Logo Bloomberg Technoz

Terlebih, Eramet telah memutuskan untuk mencoba mematuhi standar Initiative for Responsible Mining Assurance [IRMA], yang dikenal sebagai standar yang paling tinggi dalam aktivitas pertambangan di dunia.  

Saat ini, Eramet juga sedang dalam proses untuk mematuhi IRMA untuk pertambangan PT Weda Bay Nickel, yang merupakan perusahaan patungan antara Eramet, Tsingshan Group, dan PT Aneka Tambang (Persero) Tbk (ANTM) atau Antam. 

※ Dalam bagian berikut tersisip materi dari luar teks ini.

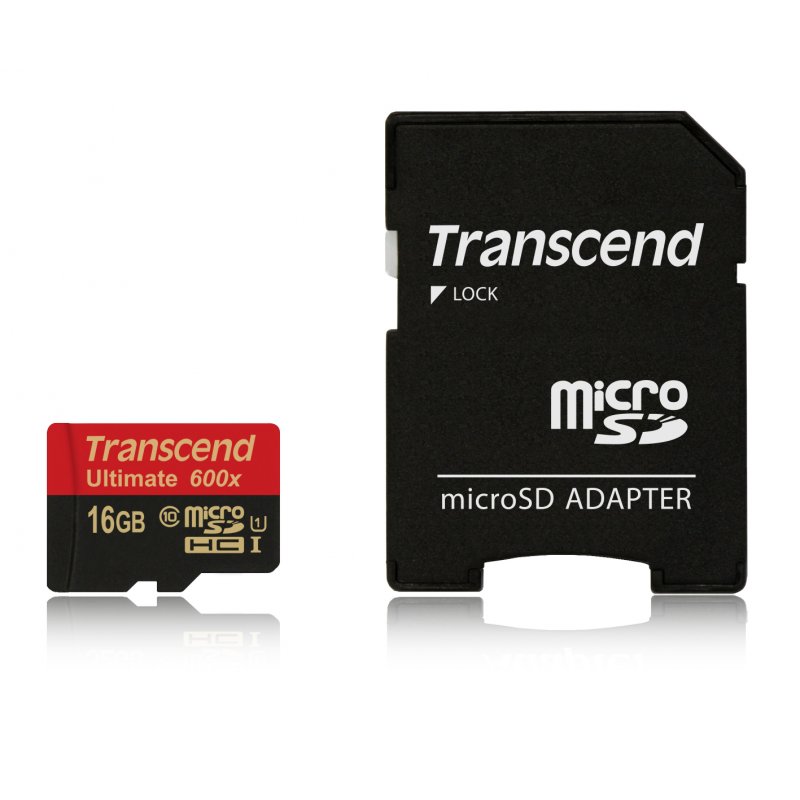 Transcend 16GB microSDHC Class 10 UHS-I (Ultimate) 16 Go MLC Classe 10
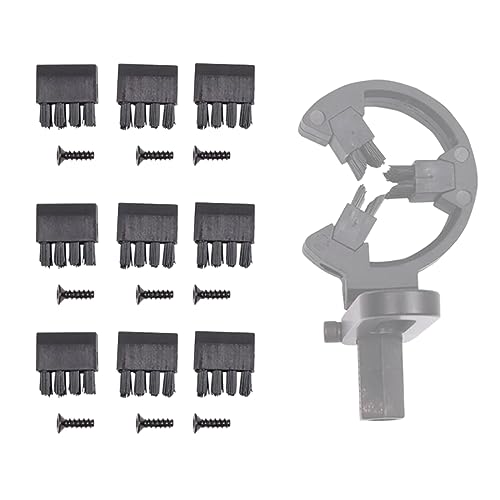 SOPOGER Archery Replacement Arrow Rest Brush 9 PCS Capture Whisker Brush Biscuit for Compound Bow/Recurve Bow Hunting Target Shooting Left and Right Hand (Replacement Brushes)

“Jadi, dengan adanya kemauan dari pemerintah, ditambah komitmen dari beberapa pemain besar seperti Eramet, saya kira ini membuat saya optimistis terhadap kemampuan Indonesia untuk menjawab tantangan ini,” imbuhnya.

Sekadar catatan, sebuah riset dari Centre for Research on Energy and Clean Air (Crea) bertajuk Debunking the Value-added Myth in Nickel Downstream Industry memproyeksikan kerugian ekonomi tahunan dari dampak kesehatan akibat polusi udara yang berkaitan dengan hilirisasi nikel mencapai US$5,69 miliar atau setara Rp88,2 triliun pada 2060.

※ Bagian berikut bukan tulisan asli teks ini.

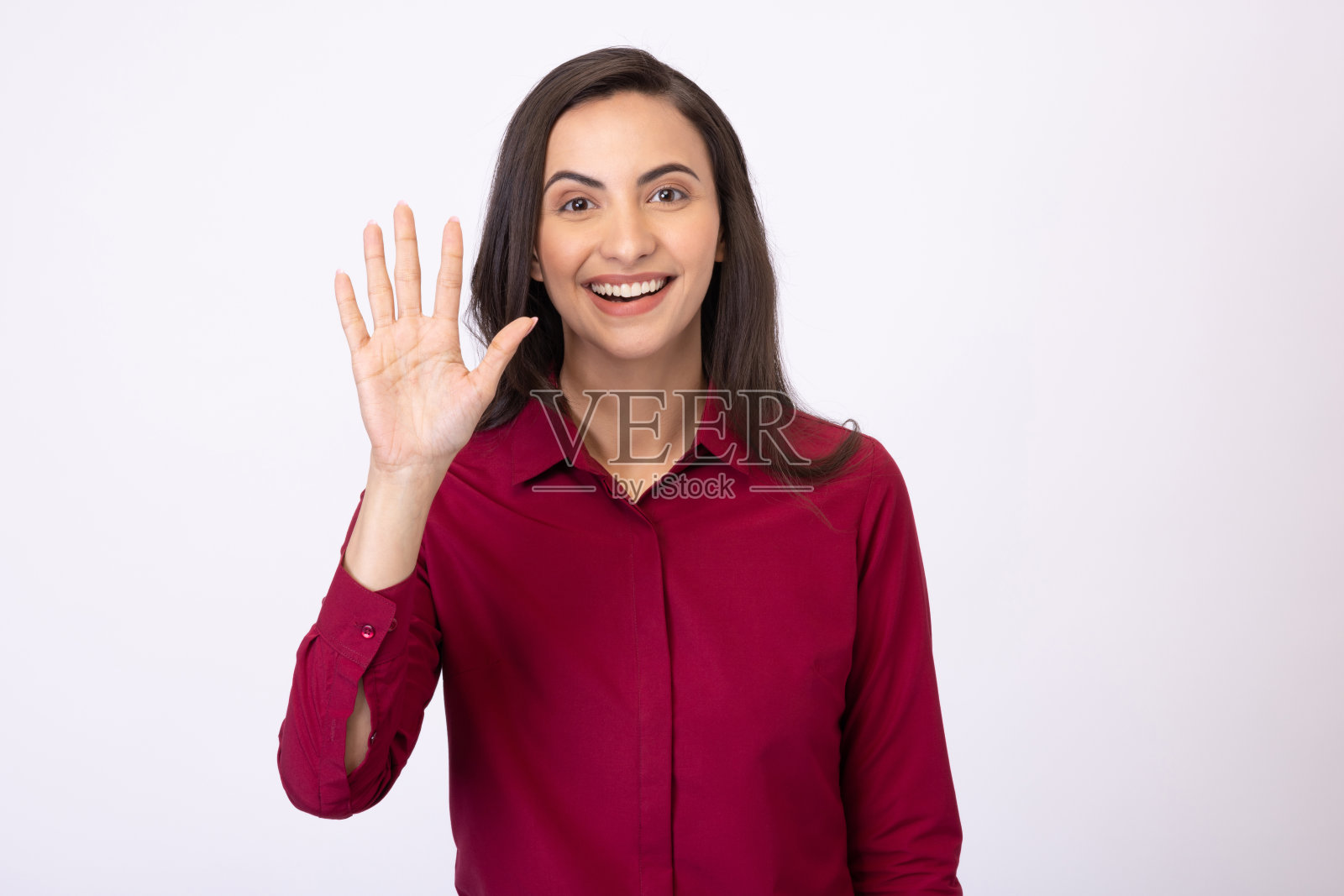 有吸引力的漂亮的商务女士的照片在正装孤立的白色背景股票照片照片摄影图片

Riset tersebut menganalisis adanya risiko beban ekonomi yang diakibatkan oleh polusi udara, khususnya di fasilitas hilirisasi nikel, yakni dari pembangkit listrik kawasan atau captive power plant dan pengolahan logam berbasis batu bara.

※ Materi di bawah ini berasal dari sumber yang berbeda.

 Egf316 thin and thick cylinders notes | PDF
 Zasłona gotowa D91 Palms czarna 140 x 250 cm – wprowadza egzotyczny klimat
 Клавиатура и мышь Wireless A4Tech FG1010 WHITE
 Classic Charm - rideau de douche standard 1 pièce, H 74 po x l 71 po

Dalam kaitan itu, pembangkit listrik kawasan atau captive power plant mewakili pembangkit listrik tenaga uap (PLTU) captive, generator diesel, dan pembangkit captive berbahan bakar gas yang dioperasikan secara eksklusif untuk menghasilkan listrik untuk menggerakan operasi produsen nikel yang beroperasi di Sulawesi Tengah, Sulawesi Tenggara, dan Maluku Utara.

Sementara itu, pabrik pengolahan atau smelter logam berbasis batu bara mewakili fasilitas atau sumber titik di mana proses metalurgi untuk pemurnian dan pembuatan logam berlangsung, yang dalam hal adalah fasilitas peleburan pada seluruh produsen nikel yang beroperasi di Sulawesi Tengah, Sulawesi Tenggara dan Maluku Utara.

Dalam hitungannya, Crea melaporkan total kerugian ekonomi tahunan akibat polusi udara yang terkait dengan emisi pengolahan logam dan pembangkit listrik yang dievaluasi pada kegiatan provinsi tersebut diperkirakan mencapai US$148 juta atau setara Rp2,29 triliun pada 2020 dan diproyeksikan meningkat hampir 18 kali lipat menjadi US$2,63 miliar atau Rp40,7 triliun pada 2025.

Di lain sisi, Faour menilai Indonesia memiliki beberapa kekuatan untuk melaksanakan program hilirisasi nikel, seperti ketersediaan sumber daya nikel, pengetahuan tentang pertambangan dan transformasi, serta pasar di dalam negeri.

“Negaranya besar, populasinya besar, jadi ada pasar internal, pasar potensial, dan akan selalu lebih mudah untuk mengembangkan rantai nilai ketika bisa memiliki pasar sendiri,” ujarnya.